Joe Salvatore creates live performances and video projects from interview-based data, found media artifacts, and historical events. He is the creator and director of the Verbatim Performance Lab, whose performed investigations include The Kavanaugh Files, No(body) but nobody, The Grab 'Em Tapes, The Moore/Jones Challenge, The Lauer/Conway Flip, and Of a Certain Age (in collaboration with The Actors Fund).
Joe is a Clinical Associate Professor of Educational Theatre at NYU’s Steinhardt School where he teaches courses in ethnodrama, ethnoacting, new play development, and applied/community-engaged theatre. He has presented about his verbatim documentary theatre and performance practice at SXSW EDU, MIT’s School of Humanities, Arts, and Social Sciences & Sloan School of Management, Yale University School of Management’s Education Leadership Conference, University of Massachusetts, AERA, ICQI, ISEEN Winter Institute, and at Tallaght Community Arts in Dublin, Ireland.
Collaborations with writer/director Joe Salvatore:
1. Her Opponent 2017
In 2017, Joe collaborated with economist Maria Guadalupe (INSEAD-France) to create Her Opponent, a verbatim re-staging of excerpts of the 2016 U.S. presidential debates with gender-reversed casting. The Off Broadway production of the project was nominated for an Off Broadway Alliance Award for Best Unique Theatrical Experience and has been covered by NPR, The New York Times, The Guardian, The Hollywood Reporter, out.com, Fox News, MSNBC, and ABC News, among others
Photo by Richard Termine
2. Ga(Y)ze - 2015
Ga(y)ze, a collaboration with Toronto-based scenographer and installation artist Troy Hourie, tackles the world of gay male “cruising” in the early 1900s compared to contemporary times in the form of a site-specific performance installation.
In the 1920s, 14th Street just east of Union Square, known then as the Rialto, was originally the theatre district and the center of gay culture. This devised, non-verbal work uses vernacular jazz and social dance of the 1920s (Lindy Hop, Charleston), to tell the story of gay subculture within New York City past and present and features choreography by Caleb Teicher. The piece premiered as part of NYU’s Forum on Site-Specific Performance in April 2015.
3. Whitall - 2015
An interactive, site-specific theatre piece commissioned by and created in collaboration with the local community to animate the historical site of the Battle of Red Bank, October 22, 1777...
4. In Real Time - 2015
In Real Time is a set of six one-act plays that come from a series of eighteen plays written throughout 2012. A mixture of funny moments and more serious considerations, each short play is inspired by a song, a news article, or a writing prompt.

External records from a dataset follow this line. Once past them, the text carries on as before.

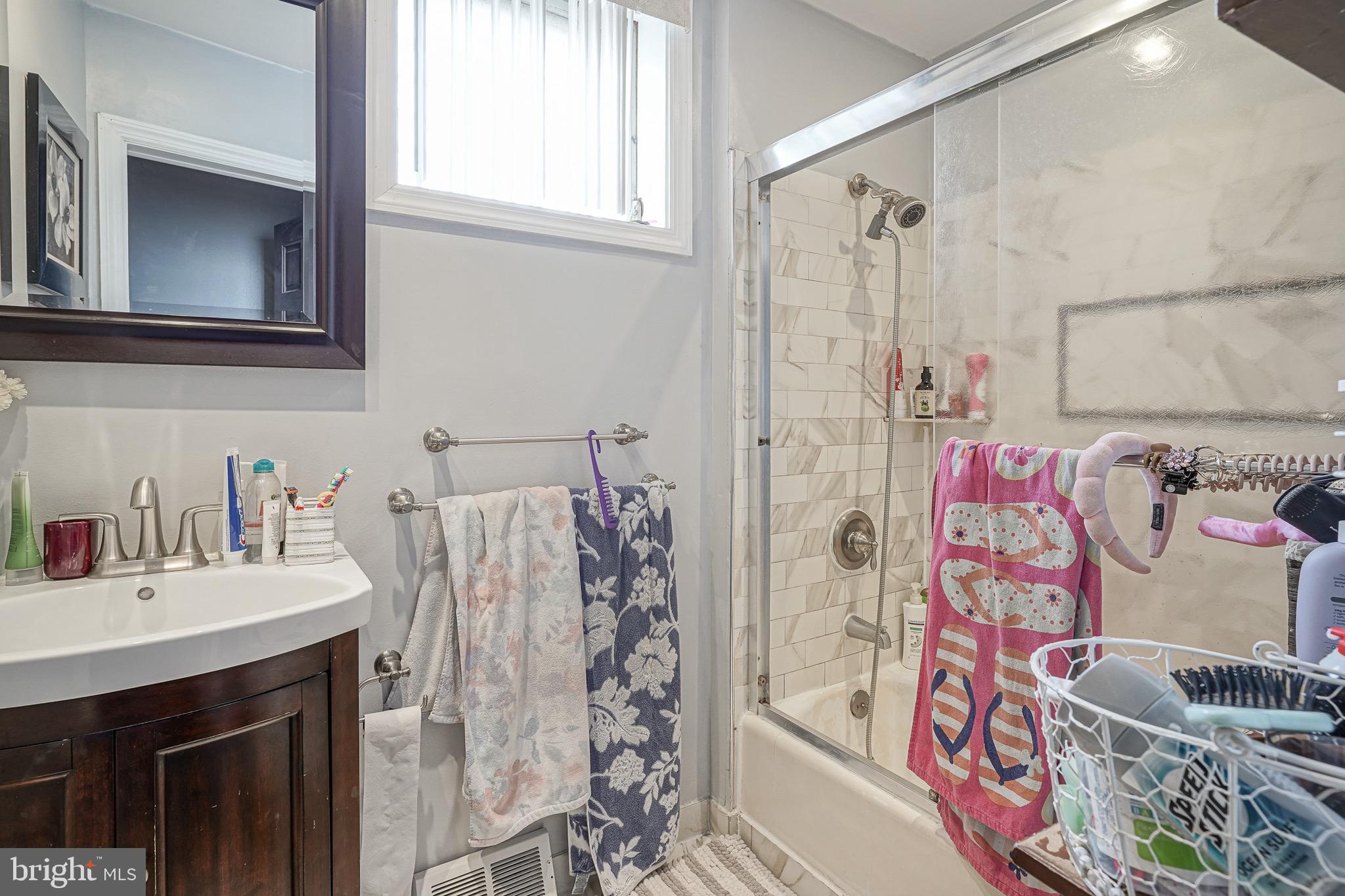 HARROWGATE - Residential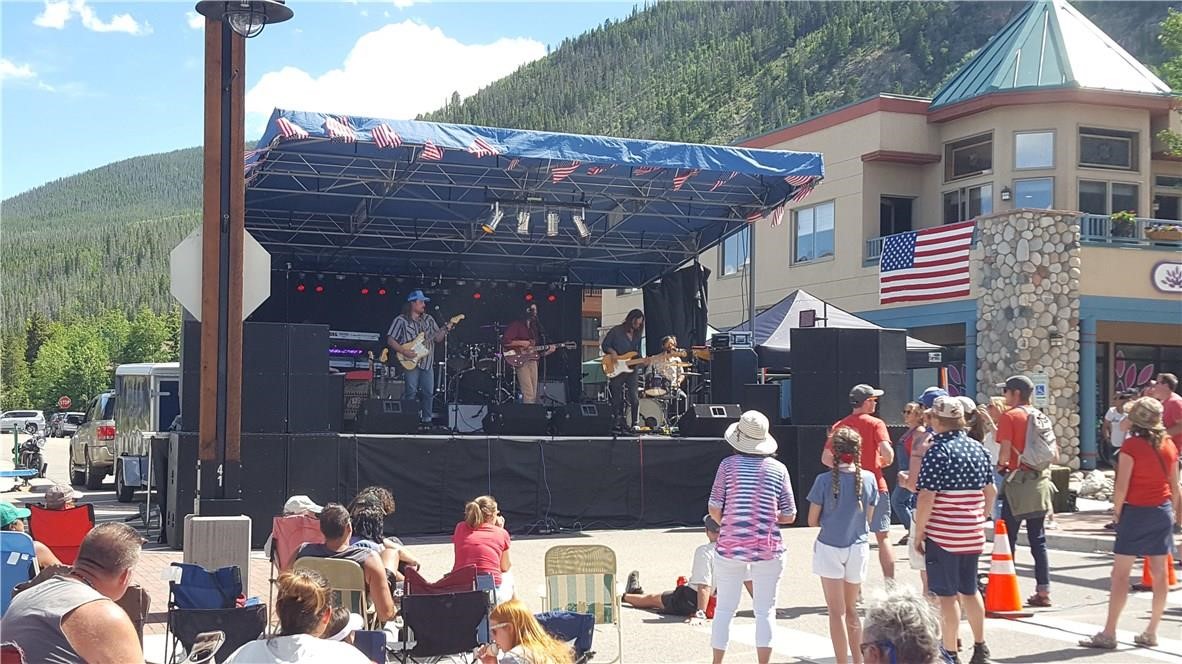 100 Basecamp WAY R216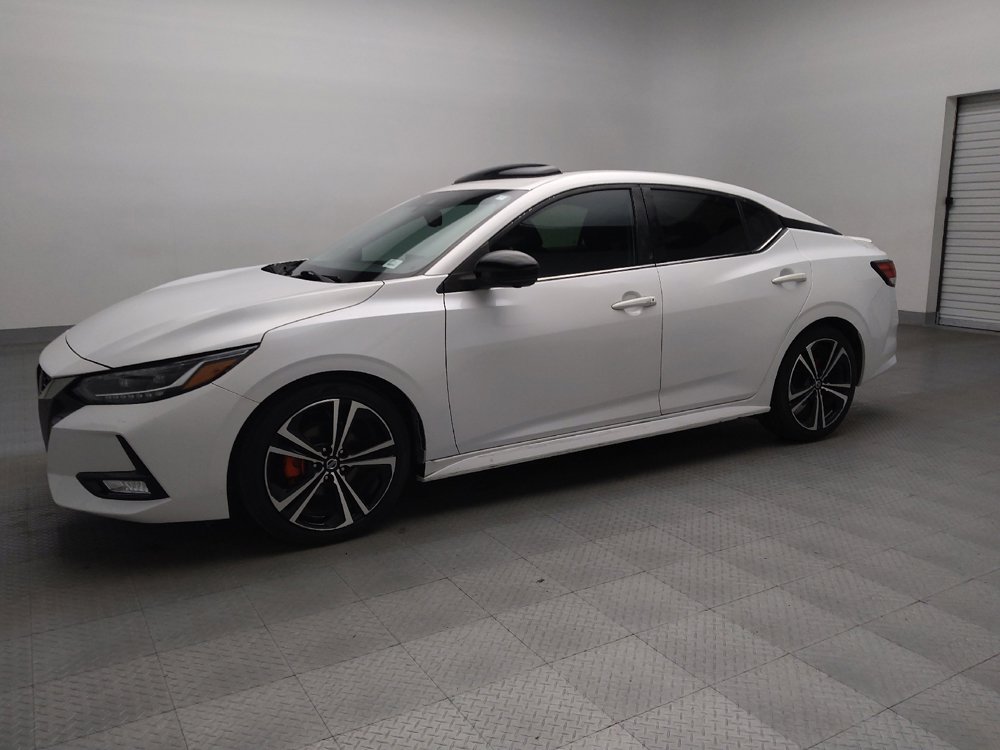 Used 2021 Nissan Sentra SR w/ SR Premium Package image 2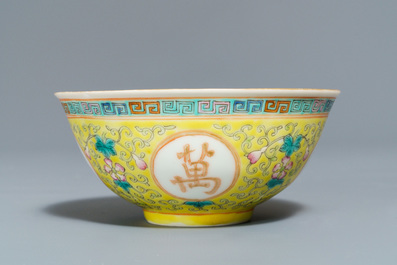 A varied collection of Chinese porcelain, 18/20th C.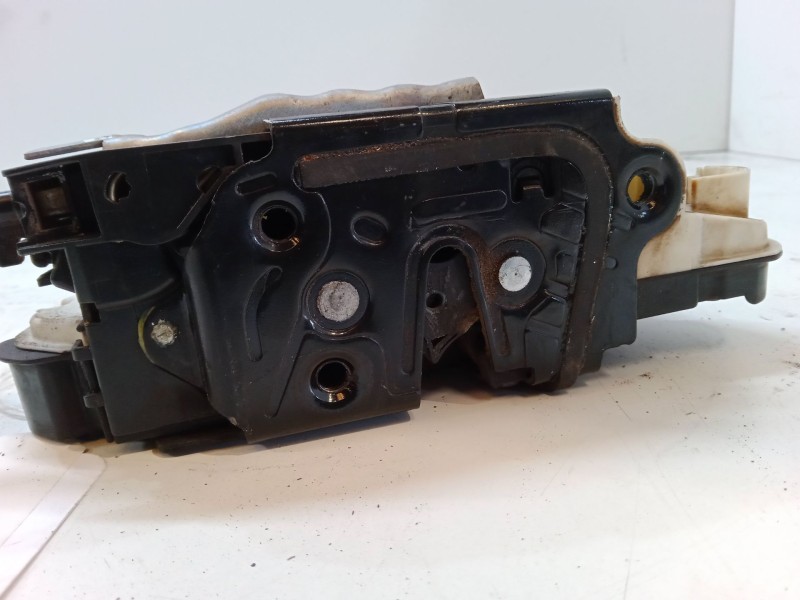 Recambio de cerradura puerta delantera izquierda para skoda fabia ii (542) 1.4 tsi rs referencia OEM IAM   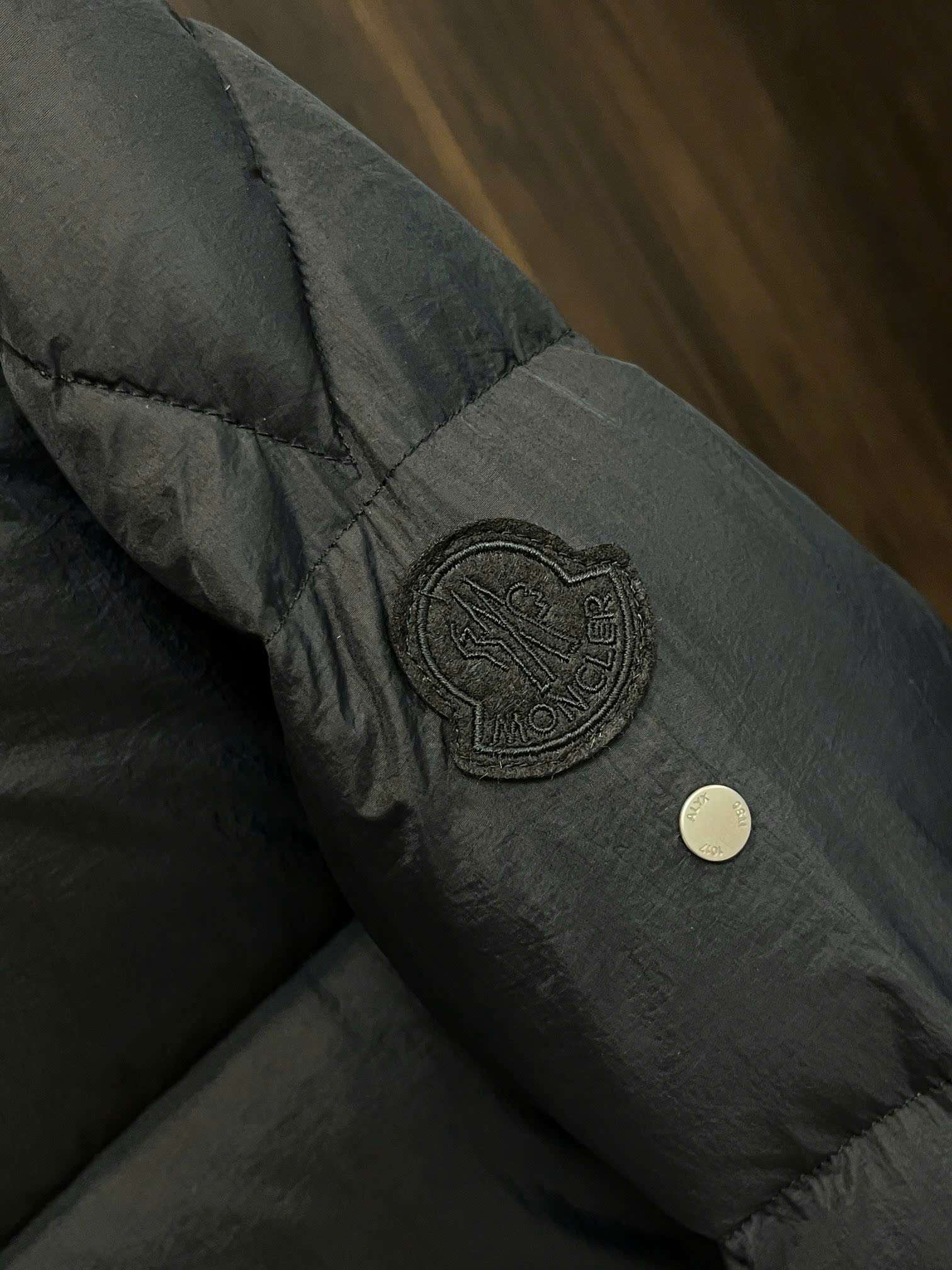 몽클레르 더블 로고 남성 패딩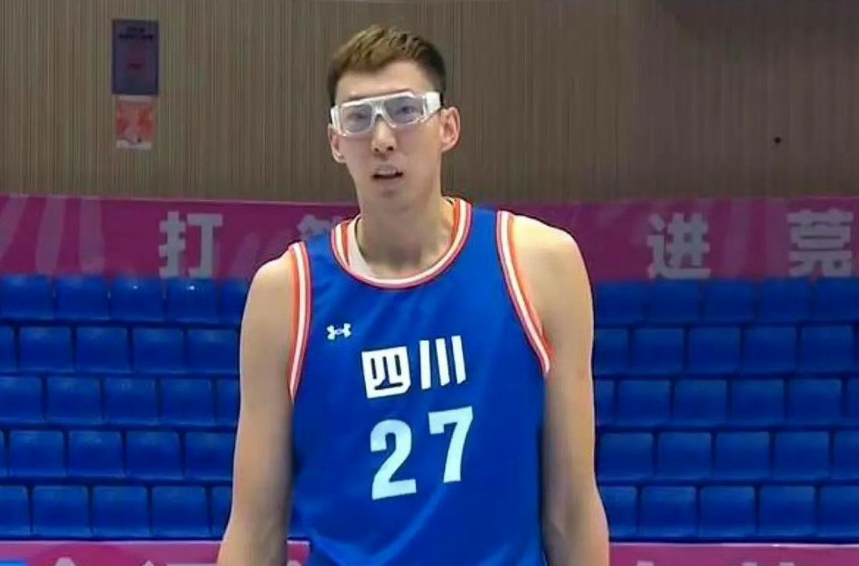 全运男篮1/4决赛：周琦33+14率四川大胜北京，强势晋级四强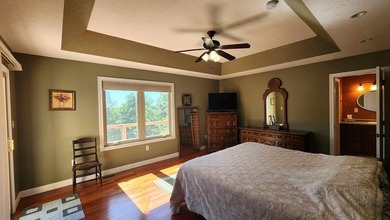 Lakeside living at its finest! This beautifully maintained 5 - photo 15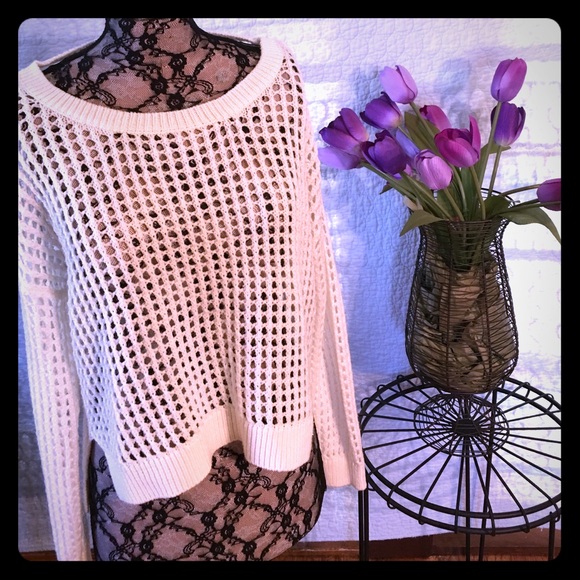 Roxy cream colored open back crop spring sweater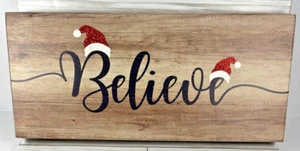 NUOVO Casale Natale Credere Babbo Natale Cappelli Legno Insegna Appendere a Parete Libera Installazione 16" - Foto 1 di 8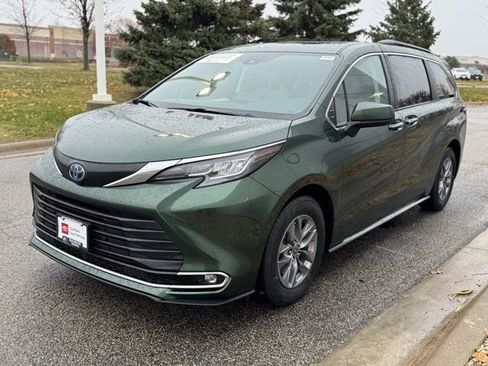 Certified 2023 Toyota Sienna XLE image 38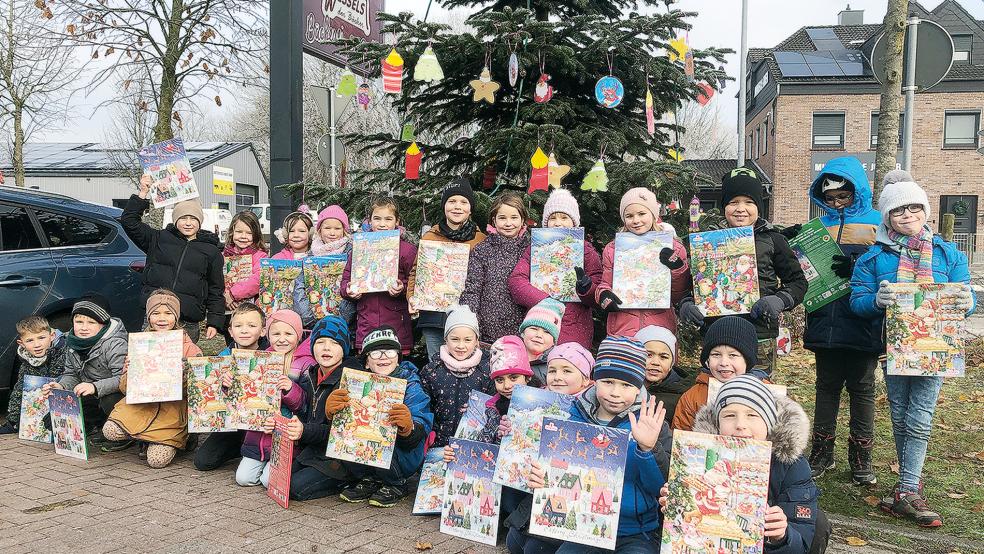 Stolz präsentieren die Grundschüler die Adventskalender, die sie zur Belohnung für ihren Einsatz bekamen.  © Foto: Busemann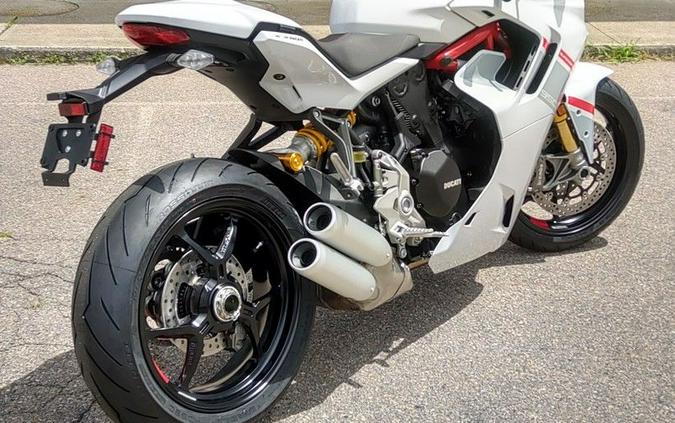 2024 Ducati Supersport 950 S White Stripe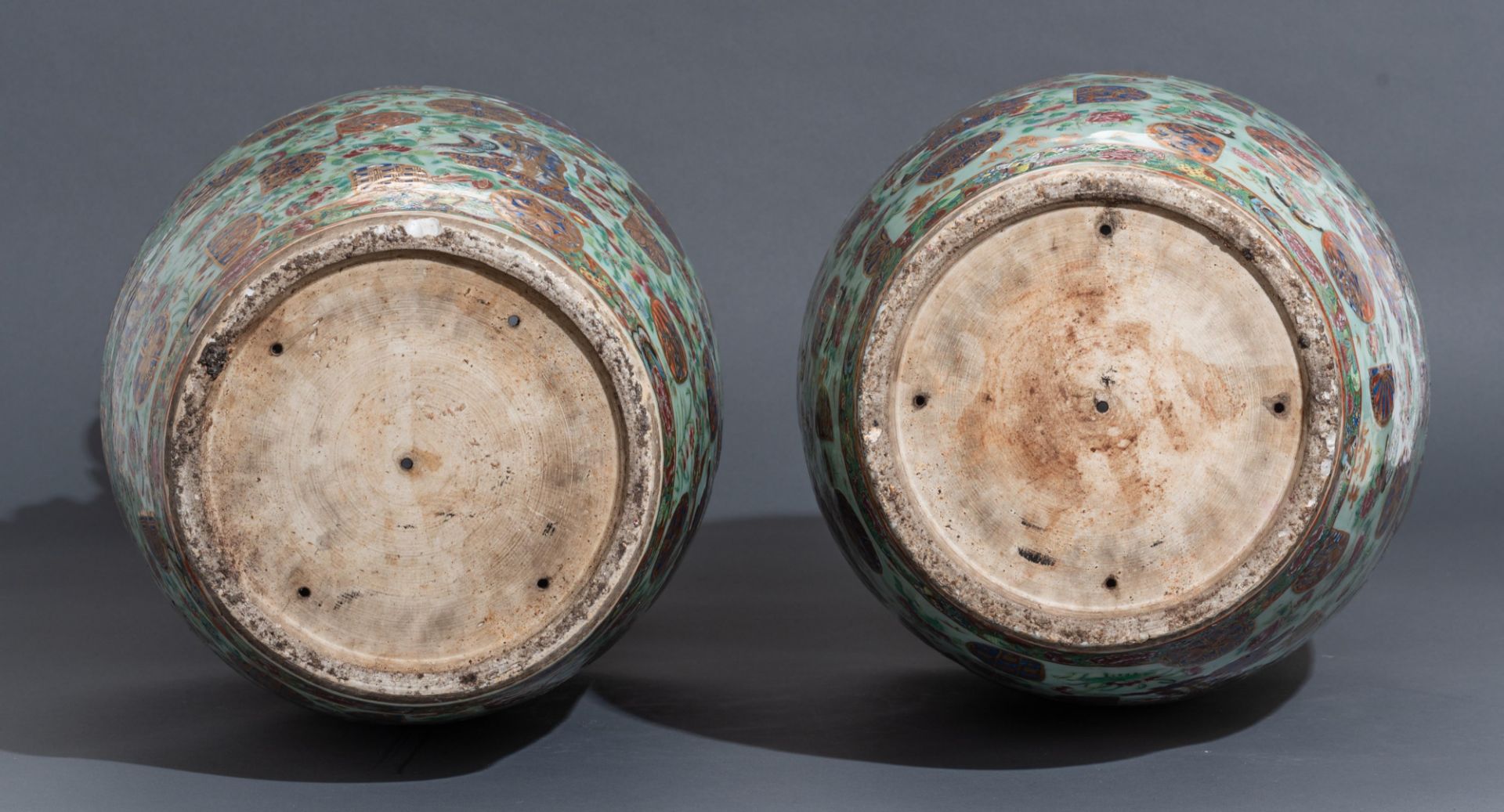 A pair of Chinese Canton famille rose on celadon ground vases, all over decorated with the Eight Imm - Bild 15 aus 21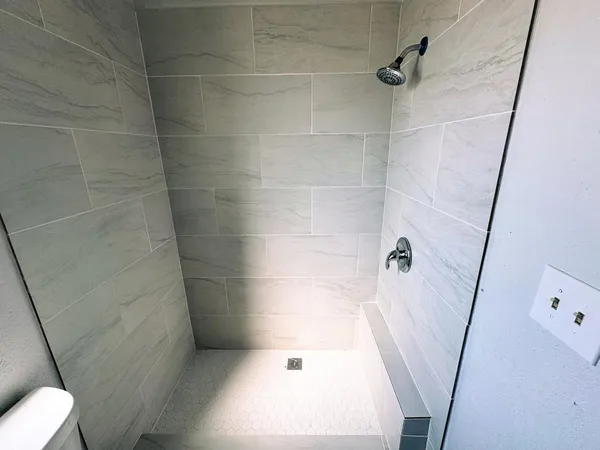 a bathroom with a tub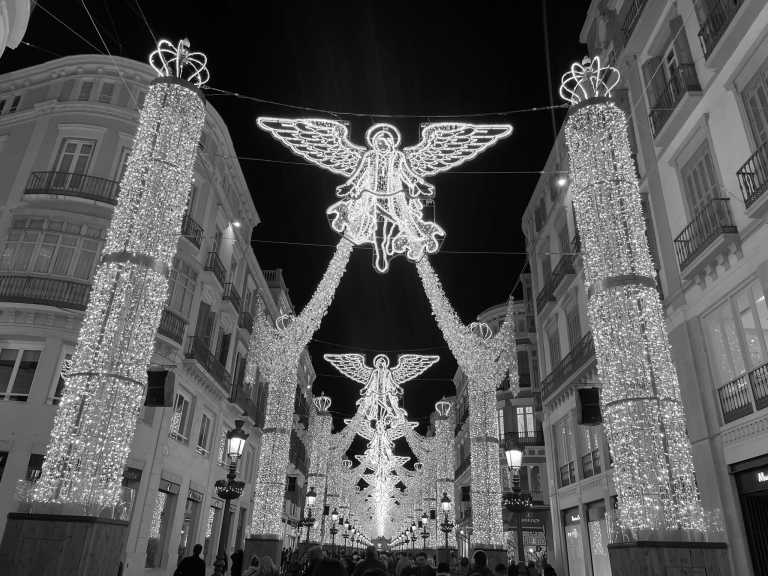 Spanien - Centro - 🎉 New Year’s in Málaga – 4 Days of FUN, PARTY and TAPAS! 🥳☀️🍷(private rooms) - 1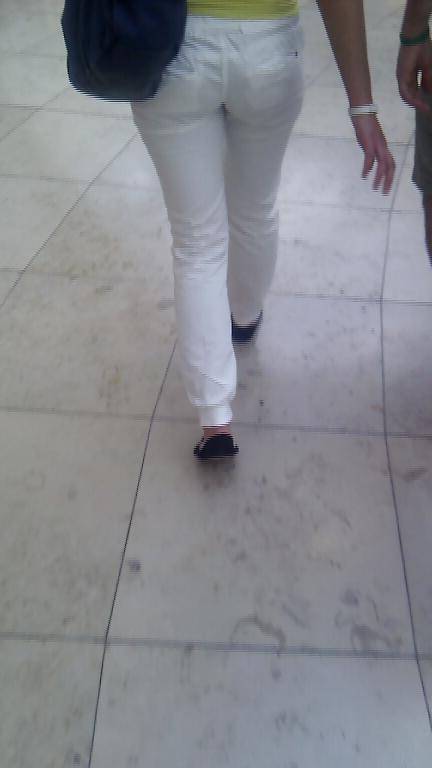 9P Girls i caught walking around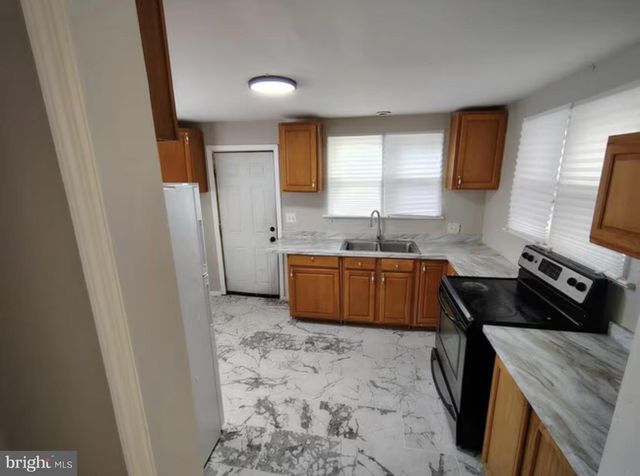 431 N 2ND ST, Millville, NJ 08332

Three sisters argue around a box of memories, friends make important discoveries in casual circumstances, a married couple sees each other again after a long time, and even Marilyn Monroe makes an unlikely appearance.
5. Open Heart - 2010
open heart is an ethnodrama that illuminates and explores the experiences of gay male couples living in non-monogamous or “open” relationships. Thirteen couples and a therapist/researcher were interviewed, the audio recordings were coded and transcribed, and a verbatim interview theatre script emerged offering thoughts and opinions on the following questions: How do gay couples define open relationships? How do gay men in open relationships define the word “monogamy?” Why do gay couples choose to live in open relationships? What are the advantages and disadvantages of an open relationship arrangement?
The play enjoyed a sold out run at La MaMa as part of the 2010 New York International Fringe Festival and is excerpted in Johnny Saldaña's book, Ethnotheatre: Research from Page to Stage (Left Coast Press). The full performance text is available through the digital theatre library, Indie Theater Now.